La realidad no permite
hacer descansar una mirada estupefacta. No teníamos bastante con saber que, en
cuanto abres los ojos ya no vuelves a cerrarlos nunca más, sino que el asombro
es uno y perpetuo. “La Bestia” de Carmen Mola gana el controvertido Premio
Planeta con una extravagancia en la barriga. “Extravagante” proviene del verbo
latino “extravagari” (errar o vagabundear fuera de los límites). Parece que va
a ser indiferente si se trata de unos asesinatos como pretextos para una novela
histórica o un ejercicio literario de valor estilístico encomiable. Con estas circunstancias
tan prosaicas que merodean el concurso, la novela está sucediendo fuera de la
novela. Vagabundea la historia fuera de los límites que el libro marca. Jorge
Díaz, Agustín Martínez y Antonio Mercero ya son personajes de una valiosa
historia a disposición de cualquier novelista.
Es un relato que, con
la excusa del Premio, sacrifica la literatura tanto como reputa el sentido
comercial de la firma. Eso no comporta ninguna sorpresa tratándose del Planeta.
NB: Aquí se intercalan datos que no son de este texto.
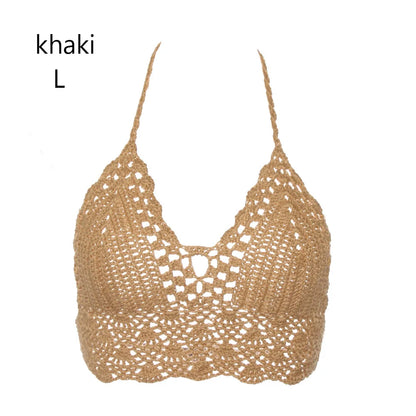 New Sexy Bikini Crop Top Crochet Boho Beach Camisoles Bikini Bralette Halter Cami Knitted Bra Women Backless Beachwear Tank Top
Que sean tres los autores de una obra hace recordar el chascarrillo de Agustín
de Foxá sobre el matrimonio: “es una carga tan pesada que hay que llevarla
entre tres”, decía. Para añadir “chicha” al asunto, tres hombres, cuyo número
no puede aspirar a la paridad por pura ley matemática, se solapan bajo el
nombre de una mujer. Les hacía falta el punto femenino por aquello que no le
pasó desapercibido a Goethe: “lo eterno femenino nos impulsa hacia lo alto”. Y,
viendo la cuantía del Premio, no podemos decir que no ha sido un gran impulso,
aunque dividan un lamento entre tres para recordar a Descartes cuando aseguraba
que “una obra escrita por un solo individuo es siempre mejor que una escrita
por varios”. Un Premio repartido entre uno es siempre mejor que repartido entre
tres, de ahí el lamento.
También habrán querido
dejar patente que se necesitan tres hombres para escribir como una mujer, pero
el experimento se las trae. Si escribir, como decía María Zambrano, consiste en
defender la soledad parece que, en este entuerto, no hay defensa que valga
porque la soledad es un paisaje humano que no admite intromisiones. No es
concebible que salgan renglones dóricos cuando se lleva ya un párrafo corintio
y algún otro jónico. Y, aunque cada
estilo aportara su virtud: fuerza, sabiduría o belleza, con un alma se basta el
Arte para ser infinitamente humano. Lo otro es jugar, como han declarado ellos,
pero con el arte no se juega como no se juega con ningún parto. Hay en cada
obra una extraordinaria exposición humana propia de un tremendo proceso de
sangrado, expiación, sacrificio, superación y pensamiento que, a poco que
intervenga un mínimo consenso, queda desposeída de autenticidad. Sin esa
ingenuidad todo lo que puede quedarnos es pura técnica que aspire a fabricar
sonetos perfectos escritos desde una inteligencia artificial. ¿Diremos que es
también artificial la emoción que provoquen?
De la italiana anónima
Elena Ferrante se dijo que “lo maravilloso de no conocer su identidad es que te
puedes centrar en sus novelas”. A mi estupefacta mirada, lo que le parece
maravilloso es justamente lo contrario, que por conocer la identidad o identidades
de Carmen Mola, uno puede centrarse fuera de sus novelas en un relato
fantástico que no tiene nada de fantástico, y que me está provocando la idea de
recomendar que lean la obra de tres en tres, como está mandado.